Content note: Cancer

For a while I tried to avoid macros that used sunsets as backgrounds. They are pervasive, but not in a particularly funny way.
Frankly, a sunset seems like a solid choice for making a quote feel more substantial when you haven’t really examined the implications of what you’re saying but it seems deep af.
There are just too many pithy quotes that have gone the sunset route, though, and I concluded that it’s more challenging to avoid them than to accept them.
I tried to come up with a pithy* shorthand quip to simultaneously acknowledge and dismiss the cliché, and it was surprisingly difficult. Here’s what I ended up with:
“Nice sunset, asshole.”

When my dad was diagnosed with terminal cancer, I didn’t find myself wondering, “Why did this happen to me?” nearly as much as I wondered, “Why did this happen to him?”
There’s a slight, strange comfort in the agony of asking that unknowable question.
I appreciate the short answer that there is no simple, single reason, beyond that he was a human, and humans die.
It’s more like the comfort of bracing one’s back against a cold wind, rather than the comfort of retreating into a warm shelter for some hot cocoa.
Shortly after Dad died, a person in my small hometown offered me condolences and said, with no other preamble, “It’s really a blessing, though, isn’t?”
I understand that they meant well, and were struggling (as we all do) to offer appropriate words for unspeakable pain.
But the direct leap from “I’m sorry for your loss” to “It’s really a blessing” stands out in my memory as the worst** thing anyone said directly to me during that time (though there are certainly other close contenders).
The unwillingness to sit with the discomfort of ambiguity forces an even more uncomfortable narrative of intentionality.
This kind of dismissal of grief seems like at least one outcome of replacing “why is this happening” with “what is god trying to show me.”

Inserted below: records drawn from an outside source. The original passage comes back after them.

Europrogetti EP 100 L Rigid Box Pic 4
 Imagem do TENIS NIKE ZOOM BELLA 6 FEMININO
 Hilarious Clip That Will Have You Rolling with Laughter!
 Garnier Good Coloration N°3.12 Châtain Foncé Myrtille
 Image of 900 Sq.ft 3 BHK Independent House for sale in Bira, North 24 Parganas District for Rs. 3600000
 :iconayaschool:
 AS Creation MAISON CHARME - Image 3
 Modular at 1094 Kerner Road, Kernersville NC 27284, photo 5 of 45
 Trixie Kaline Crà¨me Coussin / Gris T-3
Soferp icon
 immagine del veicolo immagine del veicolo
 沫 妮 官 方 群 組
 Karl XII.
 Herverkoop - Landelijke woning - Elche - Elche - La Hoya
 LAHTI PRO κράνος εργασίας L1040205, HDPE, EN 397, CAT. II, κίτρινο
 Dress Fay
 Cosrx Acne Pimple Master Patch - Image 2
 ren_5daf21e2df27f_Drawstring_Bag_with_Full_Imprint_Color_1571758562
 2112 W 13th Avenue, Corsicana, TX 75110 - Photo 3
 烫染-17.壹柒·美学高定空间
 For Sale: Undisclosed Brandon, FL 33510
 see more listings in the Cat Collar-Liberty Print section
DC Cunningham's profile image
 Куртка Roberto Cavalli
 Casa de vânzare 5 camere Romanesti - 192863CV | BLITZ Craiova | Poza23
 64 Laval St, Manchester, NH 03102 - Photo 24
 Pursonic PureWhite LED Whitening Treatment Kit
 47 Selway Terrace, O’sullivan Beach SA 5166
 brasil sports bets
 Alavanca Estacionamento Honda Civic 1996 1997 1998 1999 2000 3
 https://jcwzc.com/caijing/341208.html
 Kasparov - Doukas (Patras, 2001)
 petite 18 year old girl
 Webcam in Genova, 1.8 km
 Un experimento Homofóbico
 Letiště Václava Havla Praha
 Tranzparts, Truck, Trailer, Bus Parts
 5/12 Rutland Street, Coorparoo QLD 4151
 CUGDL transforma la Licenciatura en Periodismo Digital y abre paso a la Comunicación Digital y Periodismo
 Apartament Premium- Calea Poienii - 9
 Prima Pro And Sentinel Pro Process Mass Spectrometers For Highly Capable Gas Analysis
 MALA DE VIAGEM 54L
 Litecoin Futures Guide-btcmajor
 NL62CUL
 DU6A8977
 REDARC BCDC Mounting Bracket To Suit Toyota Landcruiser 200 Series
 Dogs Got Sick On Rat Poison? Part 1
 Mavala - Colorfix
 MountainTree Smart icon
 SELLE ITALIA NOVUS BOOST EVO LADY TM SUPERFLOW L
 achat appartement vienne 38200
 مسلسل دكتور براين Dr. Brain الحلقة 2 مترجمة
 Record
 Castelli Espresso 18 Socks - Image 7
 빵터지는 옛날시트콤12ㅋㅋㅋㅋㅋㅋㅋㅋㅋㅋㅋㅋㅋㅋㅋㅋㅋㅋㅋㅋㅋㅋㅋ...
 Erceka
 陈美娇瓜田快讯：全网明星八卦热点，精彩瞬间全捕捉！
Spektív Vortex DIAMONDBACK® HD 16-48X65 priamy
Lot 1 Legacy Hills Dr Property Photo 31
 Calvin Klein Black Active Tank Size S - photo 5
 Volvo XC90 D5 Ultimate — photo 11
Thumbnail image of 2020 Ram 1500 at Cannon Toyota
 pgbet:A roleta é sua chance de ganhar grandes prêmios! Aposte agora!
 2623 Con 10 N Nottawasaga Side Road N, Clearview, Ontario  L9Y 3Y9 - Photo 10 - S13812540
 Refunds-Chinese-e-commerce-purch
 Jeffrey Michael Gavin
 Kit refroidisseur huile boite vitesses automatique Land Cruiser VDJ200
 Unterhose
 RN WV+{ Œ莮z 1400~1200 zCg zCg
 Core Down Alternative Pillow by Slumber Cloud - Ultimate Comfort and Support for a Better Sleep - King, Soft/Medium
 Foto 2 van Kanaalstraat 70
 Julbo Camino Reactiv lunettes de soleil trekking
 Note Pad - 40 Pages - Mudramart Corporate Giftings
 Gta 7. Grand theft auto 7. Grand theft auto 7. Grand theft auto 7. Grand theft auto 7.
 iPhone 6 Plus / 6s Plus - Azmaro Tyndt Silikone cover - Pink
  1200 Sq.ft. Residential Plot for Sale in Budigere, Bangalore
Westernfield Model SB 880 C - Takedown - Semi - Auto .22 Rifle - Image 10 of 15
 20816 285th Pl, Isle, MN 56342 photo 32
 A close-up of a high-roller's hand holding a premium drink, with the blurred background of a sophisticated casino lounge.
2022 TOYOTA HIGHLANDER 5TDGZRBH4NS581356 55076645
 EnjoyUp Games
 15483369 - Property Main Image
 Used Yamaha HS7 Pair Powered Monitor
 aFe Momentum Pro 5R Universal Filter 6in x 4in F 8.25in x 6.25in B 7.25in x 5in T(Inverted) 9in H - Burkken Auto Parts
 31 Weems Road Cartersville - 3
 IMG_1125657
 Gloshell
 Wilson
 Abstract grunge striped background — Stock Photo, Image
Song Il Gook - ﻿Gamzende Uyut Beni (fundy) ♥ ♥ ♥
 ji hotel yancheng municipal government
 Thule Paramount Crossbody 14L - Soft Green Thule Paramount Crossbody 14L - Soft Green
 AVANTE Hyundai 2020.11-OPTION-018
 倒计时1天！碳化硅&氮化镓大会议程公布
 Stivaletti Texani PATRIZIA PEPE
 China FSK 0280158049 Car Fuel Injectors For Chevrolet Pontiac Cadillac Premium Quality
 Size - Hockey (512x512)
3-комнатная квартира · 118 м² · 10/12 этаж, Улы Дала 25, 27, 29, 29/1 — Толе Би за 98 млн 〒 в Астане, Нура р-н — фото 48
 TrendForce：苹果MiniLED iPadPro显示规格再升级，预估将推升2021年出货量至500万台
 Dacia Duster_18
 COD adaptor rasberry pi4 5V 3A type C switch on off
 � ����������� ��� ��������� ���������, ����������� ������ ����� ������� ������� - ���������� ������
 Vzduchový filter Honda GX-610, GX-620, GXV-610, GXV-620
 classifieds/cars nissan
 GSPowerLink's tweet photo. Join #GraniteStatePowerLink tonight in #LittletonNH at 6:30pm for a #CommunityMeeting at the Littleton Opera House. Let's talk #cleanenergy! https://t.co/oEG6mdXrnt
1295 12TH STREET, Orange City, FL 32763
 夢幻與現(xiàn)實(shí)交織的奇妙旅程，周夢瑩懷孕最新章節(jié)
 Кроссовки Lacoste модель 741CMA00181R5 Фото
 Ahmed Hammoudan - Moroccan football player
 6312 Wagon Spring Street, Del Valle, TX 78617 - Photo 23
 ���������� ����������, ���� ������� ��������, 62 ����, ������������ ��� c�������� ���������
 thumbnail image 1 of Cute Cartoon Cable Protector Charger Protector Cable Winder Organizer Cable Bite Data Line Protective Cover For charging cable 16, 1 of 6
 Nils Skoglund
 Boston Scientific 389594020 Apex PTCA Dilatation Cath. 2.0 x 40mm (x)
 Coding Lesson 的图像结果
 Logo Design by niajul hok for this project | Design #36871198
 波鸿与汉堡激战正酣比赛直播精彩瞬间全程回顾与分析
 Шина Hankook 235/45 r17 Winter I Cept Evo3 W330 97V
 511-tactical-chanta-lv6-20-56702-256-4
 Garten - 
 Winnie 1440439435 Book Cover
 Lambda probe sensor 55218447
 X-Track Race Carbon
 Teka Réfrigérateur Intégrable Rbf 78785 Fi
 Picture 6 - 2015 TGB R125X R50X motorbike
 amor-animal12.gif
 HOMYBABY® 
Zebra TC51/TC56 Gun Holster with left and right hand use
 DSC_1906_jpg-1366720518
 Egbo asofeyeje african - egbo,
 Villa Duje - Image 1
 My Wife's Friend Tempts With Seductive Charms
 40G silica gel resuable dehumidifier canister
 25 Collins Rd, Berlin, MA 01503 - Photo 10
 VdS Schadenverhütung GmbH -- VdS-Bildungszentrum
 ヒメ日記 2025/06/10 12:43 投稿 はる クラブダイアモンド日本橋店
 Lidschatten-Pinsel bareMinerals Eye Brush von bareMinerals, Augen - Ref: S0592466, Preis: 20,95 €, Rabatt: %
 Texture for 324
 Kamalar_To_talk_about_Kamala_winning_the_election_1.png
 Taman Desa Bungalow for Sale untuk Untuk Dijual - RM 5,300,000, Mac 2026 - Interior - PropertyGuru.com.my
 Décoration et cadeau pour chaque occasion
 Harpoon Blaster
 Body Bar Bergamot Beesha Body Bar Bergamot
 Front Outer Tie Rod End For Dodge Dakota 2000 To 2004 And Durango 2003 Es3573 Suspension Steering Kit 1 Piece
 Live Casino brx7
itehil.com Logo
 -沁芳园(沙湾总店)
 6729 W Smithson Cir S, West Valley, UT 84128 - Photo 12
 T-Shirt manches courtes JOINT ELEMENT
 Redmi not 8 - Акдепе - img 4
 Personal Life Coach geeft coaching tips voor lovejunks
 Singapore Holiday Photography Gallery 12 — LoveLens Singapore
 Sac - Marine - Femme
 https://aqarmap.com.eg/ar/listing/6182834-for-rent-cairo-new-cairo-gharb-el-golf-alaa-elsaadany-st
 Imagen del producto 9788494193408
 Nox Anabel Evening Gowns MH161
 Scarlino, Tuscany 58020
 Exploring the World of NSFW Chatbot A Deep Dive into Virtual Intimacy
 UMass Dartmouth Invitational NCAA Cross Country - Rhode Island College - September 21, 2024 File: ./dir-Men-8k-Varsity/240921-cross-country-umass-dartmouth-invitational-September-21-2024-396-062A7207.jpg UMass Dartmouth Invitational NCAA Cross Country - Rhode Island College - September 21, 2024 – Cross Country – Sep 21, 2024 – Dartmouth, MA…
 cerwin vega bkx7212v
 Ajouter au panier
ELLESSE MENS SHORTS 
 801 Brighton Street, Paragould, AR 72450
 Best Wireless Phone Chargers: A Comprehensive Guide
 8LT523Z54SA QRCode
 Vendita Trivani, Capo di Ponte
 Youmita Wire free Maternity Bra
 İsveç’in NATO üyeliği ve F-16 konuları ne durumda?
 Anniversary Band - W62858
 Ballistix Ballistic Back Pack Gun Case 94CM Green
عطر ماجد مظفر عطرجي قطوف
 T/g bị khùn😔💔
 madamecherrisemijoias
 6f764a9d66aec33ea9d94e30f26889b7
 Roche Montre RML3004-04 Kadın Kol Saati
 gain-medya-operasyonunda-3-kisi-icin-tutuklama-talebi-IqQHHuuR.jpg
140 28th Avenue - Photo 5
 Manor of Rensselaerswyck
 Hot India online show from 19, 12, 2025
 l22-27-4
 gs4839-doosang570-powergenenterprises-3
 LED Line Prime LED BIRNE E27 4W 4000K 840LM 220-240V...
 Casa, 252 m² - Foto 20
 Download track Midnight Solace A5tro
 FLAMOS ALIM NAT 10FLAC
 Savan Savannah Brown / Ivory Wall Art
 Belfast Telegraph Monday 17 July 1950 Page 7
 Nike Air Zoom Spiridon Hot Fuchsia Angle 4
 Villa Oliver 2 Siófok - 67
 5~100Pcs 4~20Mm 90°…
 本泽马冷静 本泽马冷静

Reframing is a skill, and there’s nothing wrong with looking for growth opportunities in difficult circumstances.
But that’s not a reason to stop asking “why” questions.
There may not ever be any grand, universal answer as to why a specific terrible thing happened to a specific person, but there are likely structural and systemic reasons that identifiably contribute to any given tragedy.
I trust that religious folx are able to create beautiful, substantive, and thoughtful things.
Art, architecture, arguments, image macros, and more.
And.
This kind of unselfconscious self-centeredness, which underlies so much of contemporary American Christianity, creates fertile soil for powerful institutions to deflect attention from themselves through victim-blaming and rationalization.
Of course your perspective changes when you stop trying to understand how things work.
It’s way easier to say “God is showing me things that are good for me to see” than it is to accept, “Many support systems are so fundamentally biased that some groups people are bound to suffer severe negative consequences” or “This is one of many possible outcomes of a confluence of circumstances, and it may not have happened for any grand ‘reason’ at all.”
The advice in this macro is to not focus on yourself so much, and yet you accomplish that by “realizing” (not “choosing to believe”) that an omnipotent, omniscient deity manipulated the world around you specifically with the hope of teaching you a valuable lesson.
That way, it’s your responsibility to accept that you have failed to discern the divine purpose behind your own suffering, and as a bonus you won’t even have time to question your government for allowing humans to die as punishment for not having hoarded enough dollars.
Sure, sometimes weak rationalizations look better in front of a sunset.
And sometimes the reasons “why something is happening to you” are nonexistent, and sometimes they’re utter crap, and it’s okay to feel unhappy when you notice that.
*Yes, yes, I see the irony.
Also, I am still figuring out the best way to handle footnotes in WordPress. For now, I am literally just using asterisks, and I hope to make it better in the future.
**Specifically, this was an unpleasant thing to hear from a person with a presumably Christian background (it is a very small town). In the lovely Jewish practice of saying “May their memory be a blessing” to mourners, it comes through clearly that the person’s memory is the blessing and not their actual death.